I. SESSION SUMMARY – INSTAT REGIME SIGNALS

 

Thursday, April 2, 2026 is the exact one-year anniversary of the “Liberation Day” tariff declaration of April 2, 2025. Markets closed that day — Good Friday, April 3 — without a trading session to mark the anniversary. The silence is fitting. What began one year ago as a single sweeping tariff announcement has since dissolved into something far more corrosive: a policy chaos regime in which tariffs are added, removed, escalated, and reduced repeatedly as negotiating and political tools, with no consistent framework and no predictable endpoint. In 60 years of following markets, this analyst has not witnessed a comparable environment.
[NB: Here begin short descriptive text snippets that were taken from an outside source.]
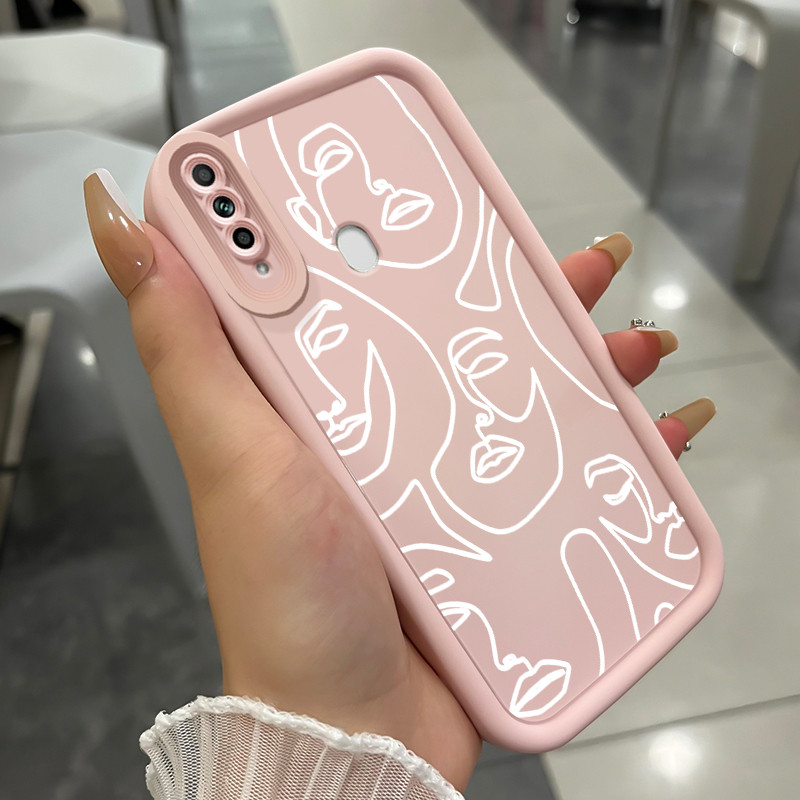 Casing Hp untuk OPPO A31 A8  Case Casing HP Softcase ponsel silikon tahan Kasing Seni Abstrak Wajah 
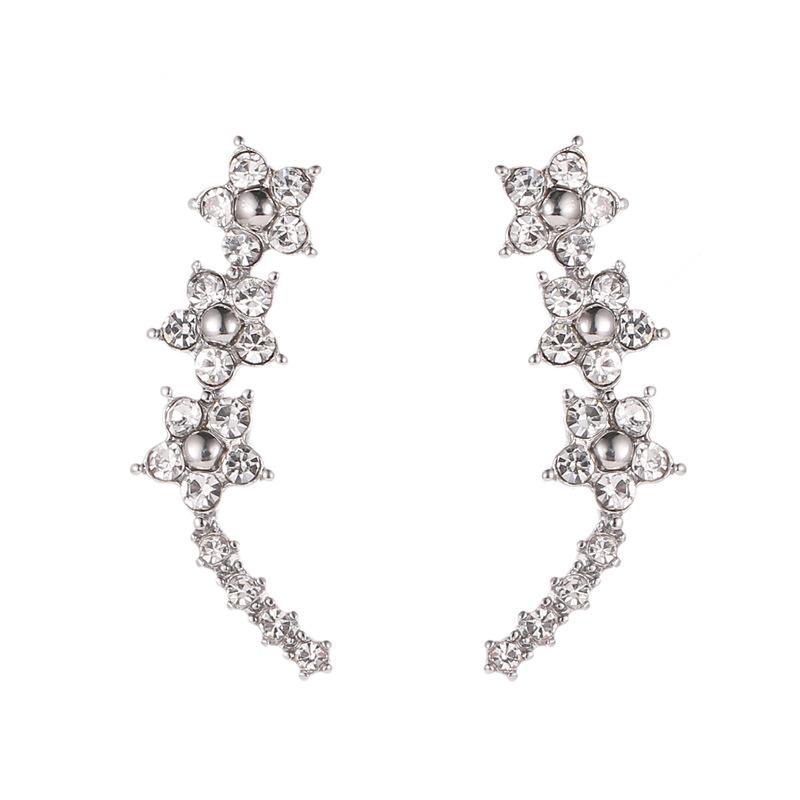 Five-pointed star earrings 925 silver needles with diamonds small fresh star earrings temperament mini starry sky earrings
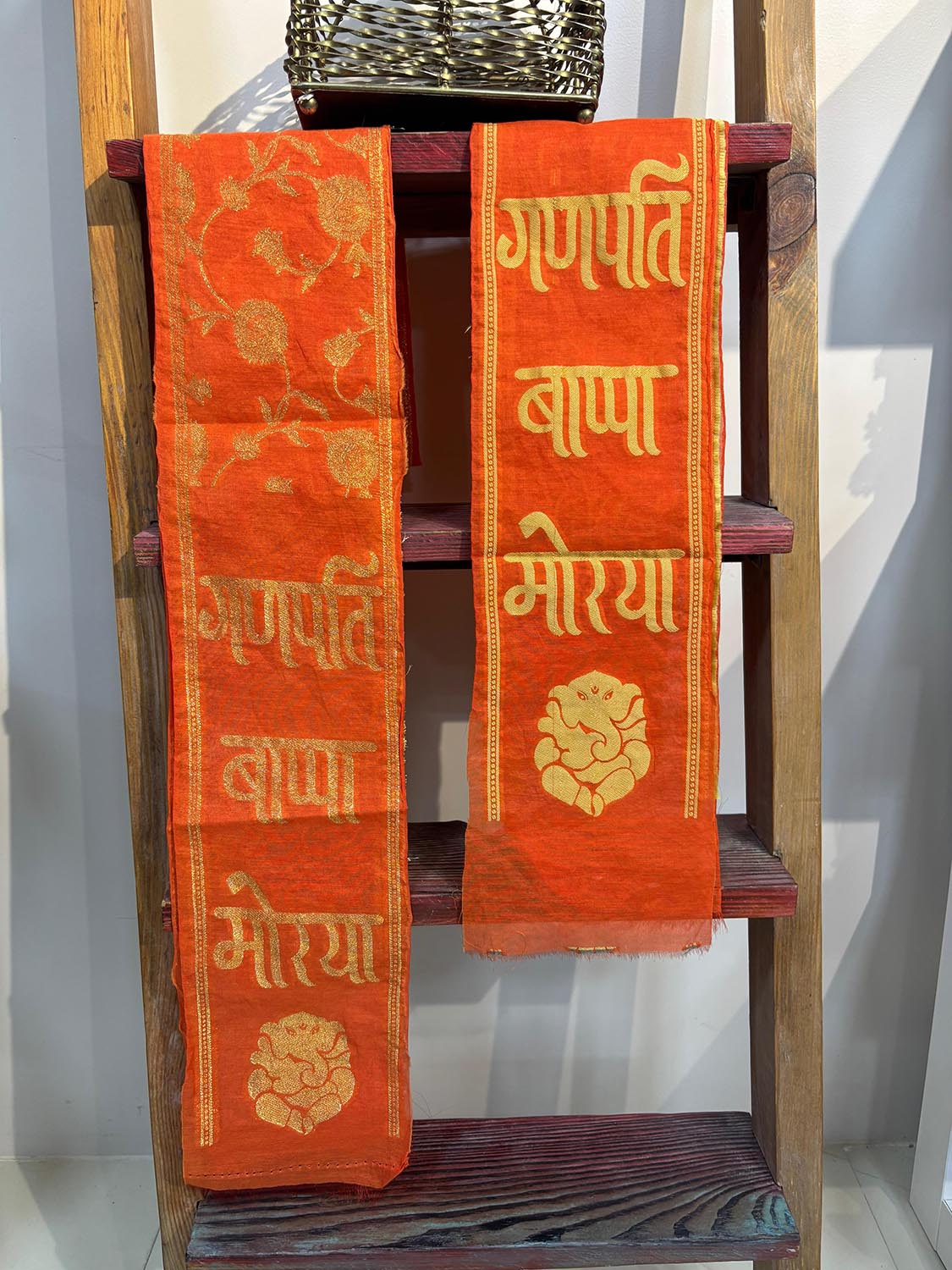LUXURION WORLD Blessings Stole – Ganpati Bappa Morya Jaal Work Stole: Shop Shakti Blessings Patka & Silk Cloth Weaved Dupatta Unisex God Printed Scarf for Spiritual Wear - Luxurion World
The INSTAT data for Thursday’s close tells the story of that year concisely. The A-side Grand Avg INSTAT is +23; the B-side is +33. The gap — non-US domestic markets consistently outperforming US-centric R-Files — is the year’s defining capital flow signal. Twelve months of tariff chaos have driven a sustained rotation of institutional capital away from US policy risk and toward more stable international revenue structures. This is not a market dislocation. It is a rational, durable repricing.

The session’s defining structural signal is the continued dominance of Dow Utilities (R-11): Avg INSTAT +89, Median +100, 12 of 15 instruments at INSTAT +100 — AEP, AWK, CNP, ED, D, EXC, FE, NEE, NI, PCG, SO. Regulated domestic cash flows with legislated revenue floors are the only US equity structure that the market has consistently rewarded throughout the chaos year. When utilities rank above every growth, technology, and commodity equity R-File in a 66-file universe, the regime message is not ambiguous: capital is anchoring to certainty, and certainty is scarce.

Three risk-on themes remain in sustained breakdown: Bitcoin & Crypto (R-28, Avg INSTAT −61), Solar & Wind (R-38, Avg INSTAT −52), and India US Trading (R-57, Avg INSTAT −44). All three were identified as avoids in the February–March Playbooks. A full year of tariff chaos has confirmed and deepened all three. No INSTAT repair is visible in any.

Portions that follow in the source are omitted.